At the entrance to Calasanz’s room, a plaque reminds us that Calasanz lived in this room for thirty-six years. During this time, he wrote his letters, accompanied his religious, lived his profound experience of faith and prayer, cultivated his vocation with growing and grateful fidelity and refined it so that the Church could offer it as a path of holiness for all her children. This fidelity, which generates strength, is what Calasanz proposes in the last autograph letter we have: “Constantes estote, et videbitis auxilium Dei super vos. Et nunc sumus orantes pro vobis ut non contristemini, sed in tribulatione magis elucescat virtus vestra.” (Stand firm and you will see God’s help above you. And now we pray for you that you will not be grieved, but that your virtue will shine brighter in adversity.)[5]
The way in which Calasanz poses the challenge of fidelity despite the trials is very revealing. Referring to the Gospel passage mentioned above, in which the Lord assures “a hundredfold along with persecutions,” Calasanz says, “God usually gives a hundredfold, especially when, if one is doing well, one has persecutions or afflictions, which, if one endures them with patience at the hand of God, are a hundredfold in the Spirit; and since few know how to practise this teaching, few receive a hundredfold in spiritual goods.”[6]
My third suggestion is to live spiritually accompanied, both personally and as a community. Accompaniment helps us to properly anchor our vocation. To do this, many facets must be addressed, many dimensions of the person. If a vocation is not well anchored, it can be reduced to professionalism, role or compliance. It is necessary that we live our lives in accompaniment, because it is about something very important that we have here, something that you cannot do alone: it is about properly anchoring your vocation.
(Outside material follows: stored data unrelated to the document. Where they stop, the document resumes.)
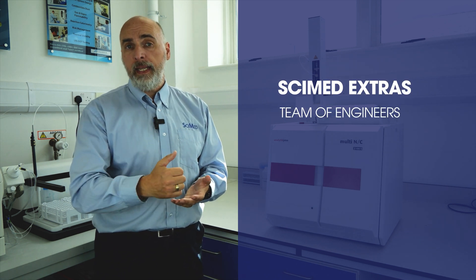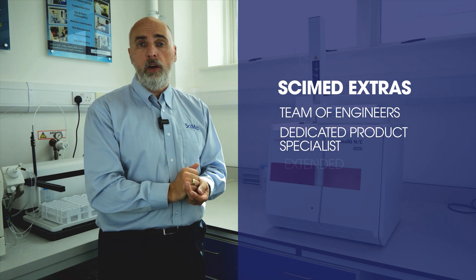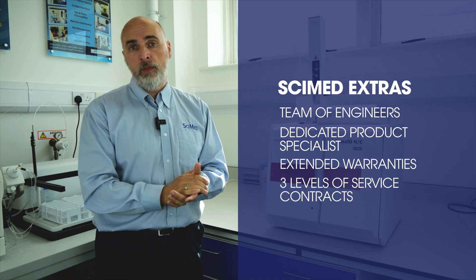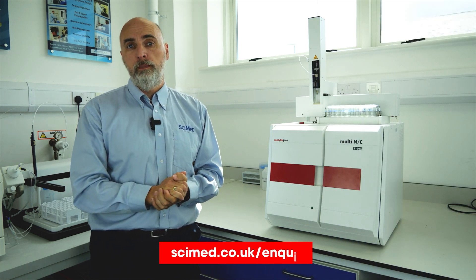We have a team of dedicated engineers and a specific product specialist who looks after this instrument. We can offer extended warranties on the entire instrument, as well as our usual three levels of service contract. That's a quick overview of the system — if you need more information, please have a look at the links in the description below. Thanks for your time.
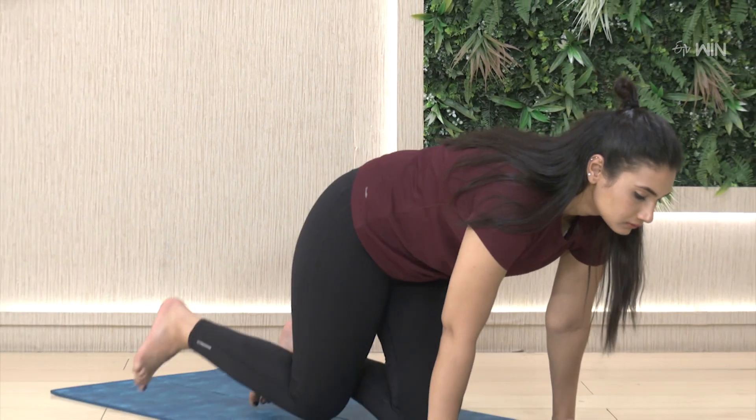With this asana, we are doing moving meditation. What is moving meditation? This is a moving meditation technique. We use this asana on a daily basis.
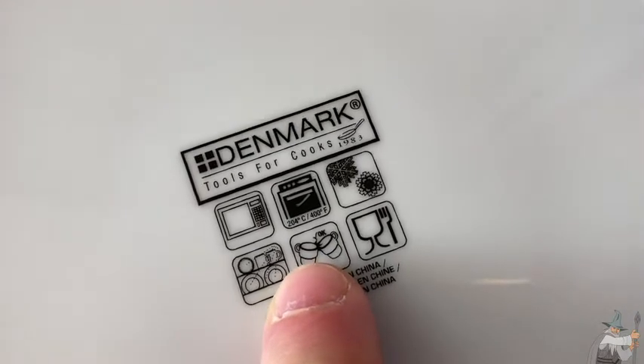Super crazy, right? Also, these are supposed to be chip resistant. Now obviously you shouldn't drop them on the floor — bad idea — but they're meant to last. Really, really good quality.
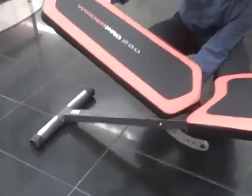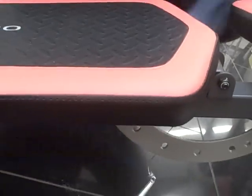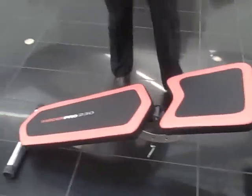All you need to do is just pop out the little lever there at the bottom and fold it down to the bottom there. And there you go — there's your flat bench and your flat surface for doing all of your exercises.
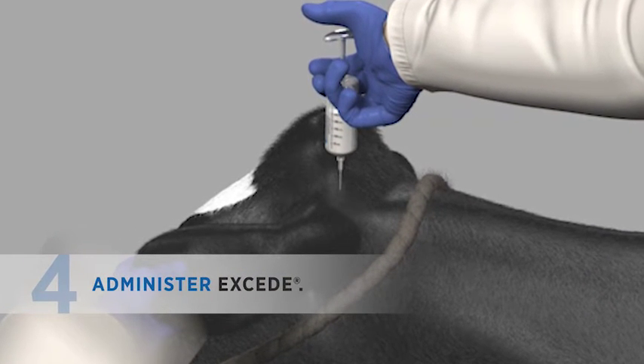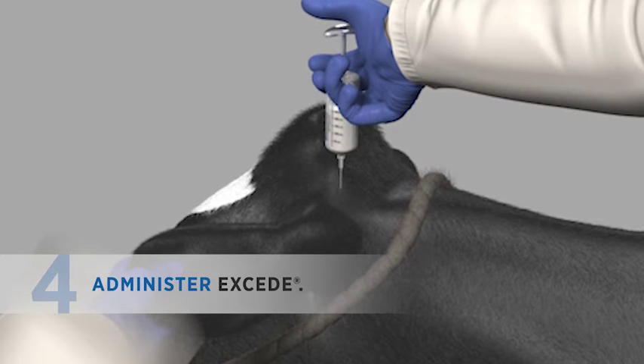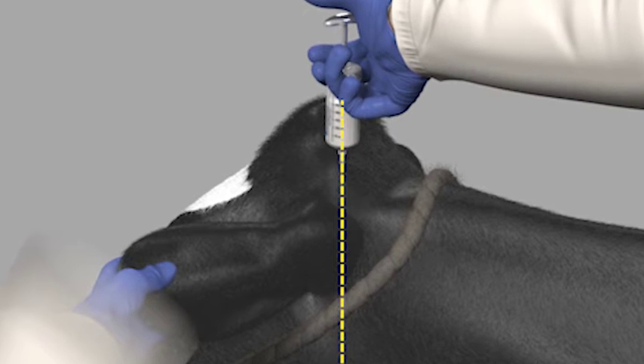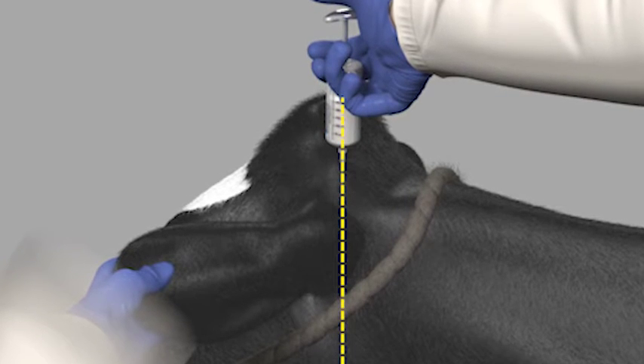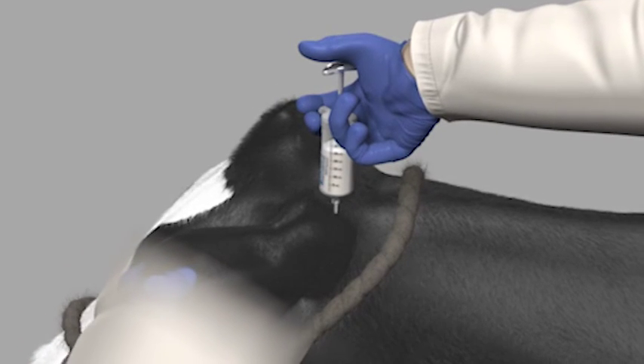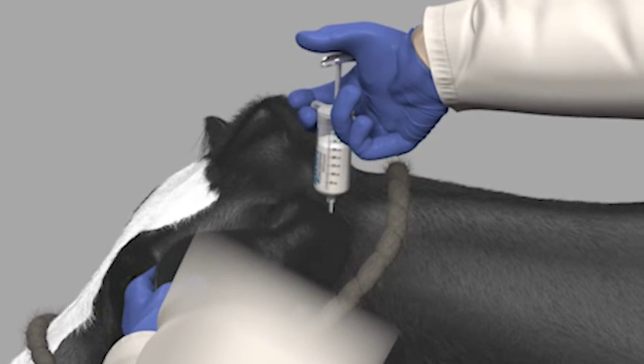Hold the syringe and needle above the ear to be dosed. Point the needle ventrally, or straight down, toward the base of the ear. Insert the needle into the loose skin at the base of the ear where it attaches to the head, taking care to not insert the needle through the cartilage of the ear.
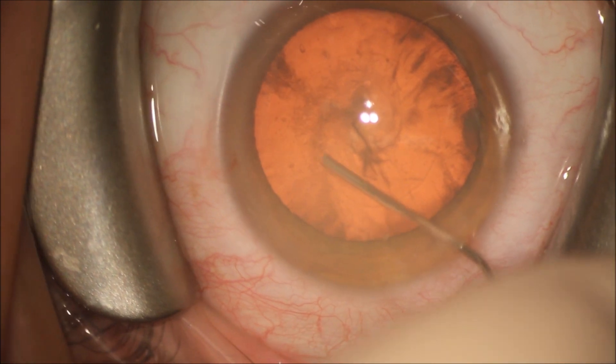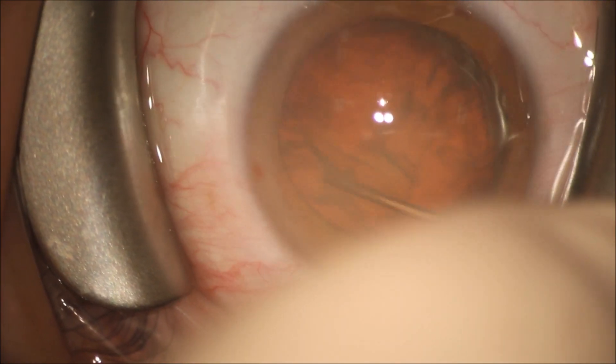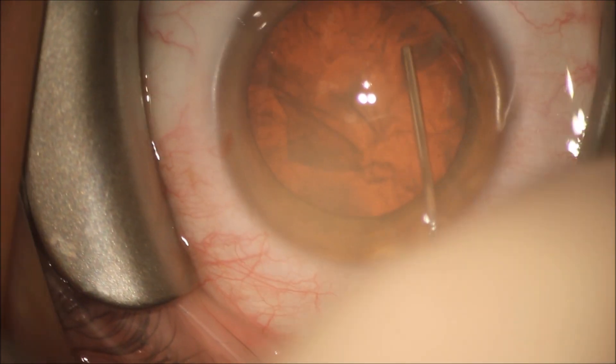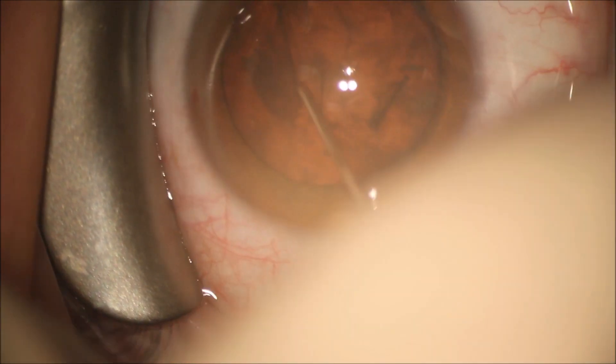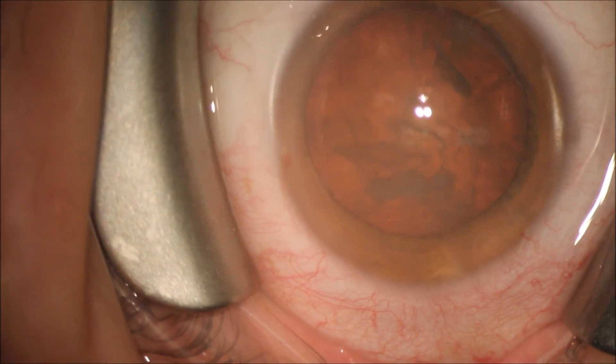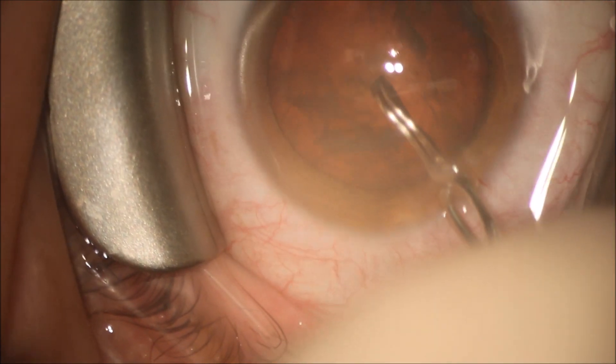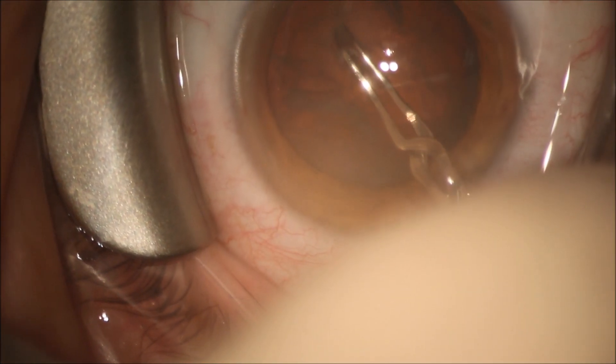We'd like to completely surround the edges of the optic, which is 6 millimeters, with the capsule to keep the lens in good position. You can see we've hydro-dissected — injected BSS behind the cataract to free it up — and we've made sure the capsular connections to the lens are broken.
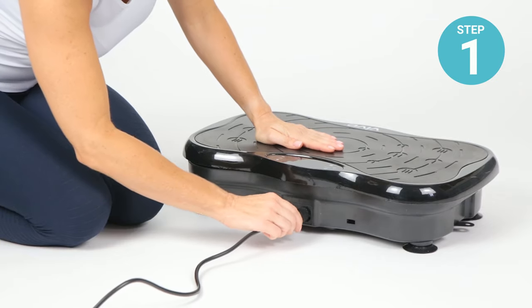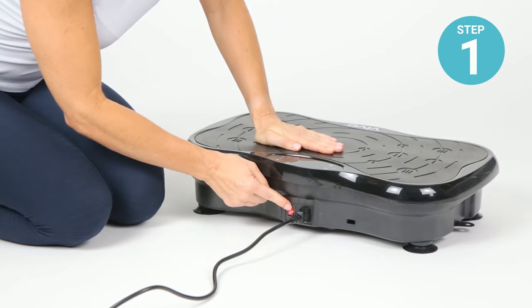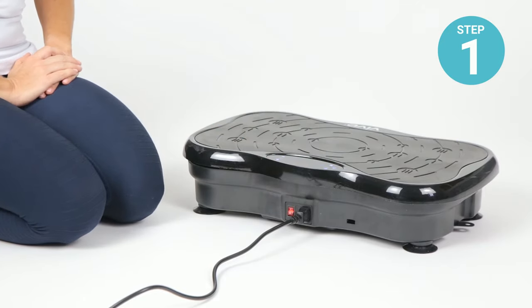First, connect the power cord to the front of the vibration platform and flip the switch on. Press the power button on the screen to begin your workout.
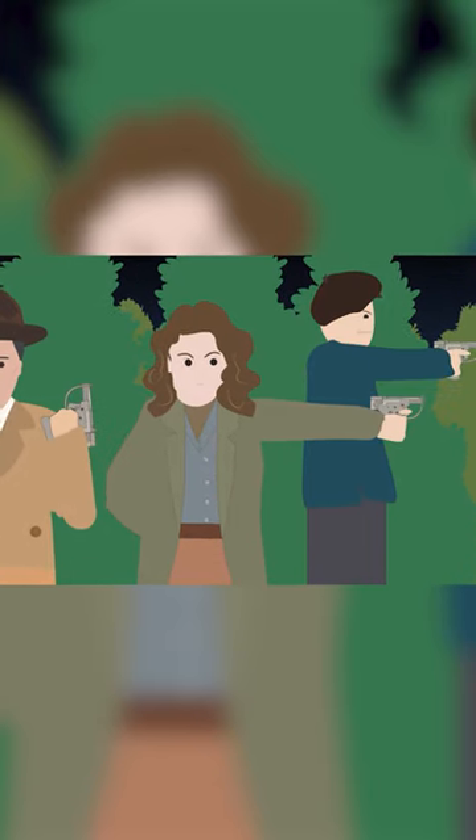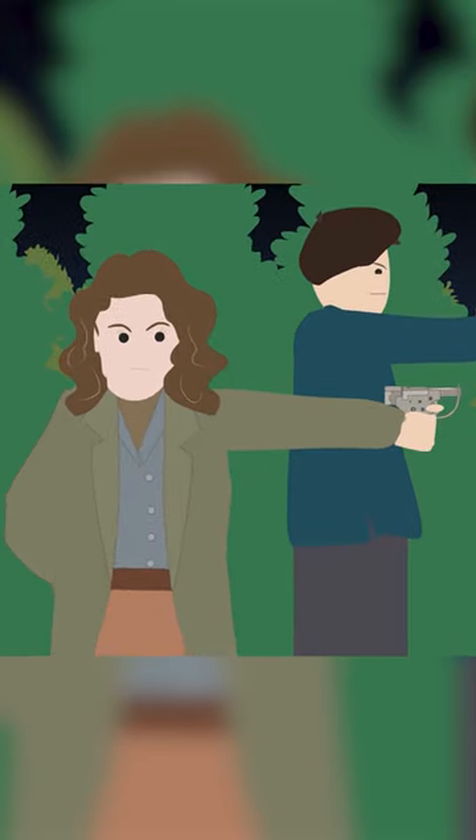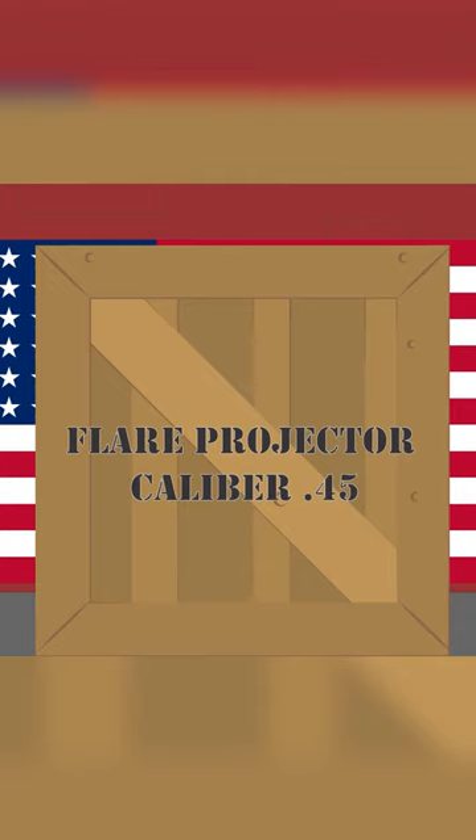The U.S. government had big plans for the FP-45 Liberator, so 1 million of them were made. This job was given to the GMC Guide Lamp Factory in Anderson, Indiana. In order to cover up the real purpose of the weapon, it was designated as the Flare Projector Caliber .45.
Accompaniment helps us to integrate. Integrating means knowing, emotionally and sincerely accepting what is going on within me, while at the same time paying attention to the greater calling that life keeps bringing me. It has more to do with acceptance and inner reassurance than overcoming or victory, but it helps us in the struggle for authenticity. The process of accompaniment helps us to know how to “give a name” to what we are living. That is the essence of maturity. Giving a name to what helps us and what holds us back. Both are part of our lives.
“Prepare the soul for trials.” This is a necessary task for all of us, a spiritual task that we must know how to fulfil with as much humility as consistency. Only in this way will we be able to make progress in the great challenge that we have set ourselves since the first steps of our vocation: to be simply Piarists.
Receive a fraternal embrace.
Fr. Pedro Aguado Sch.P.
Father General
[1] Mk 10:30
[2] Sirach 2:11
[3] Saint Joseph Calasanz. Memorial to Cardinal Tonti. Opera Omnia, volume IX, pages 305-306.
[4] Jn 3:3
[5] Saint Joseph Calasanz. Opera Omnia, volume 8, page 384.
[6] Saint Joseph Calasanz. Opera Omnia, volume 3, page 234-235. This is a letter to a Spanish religious living in Naples who wants to return to his country because of the difficulties he is experiencing.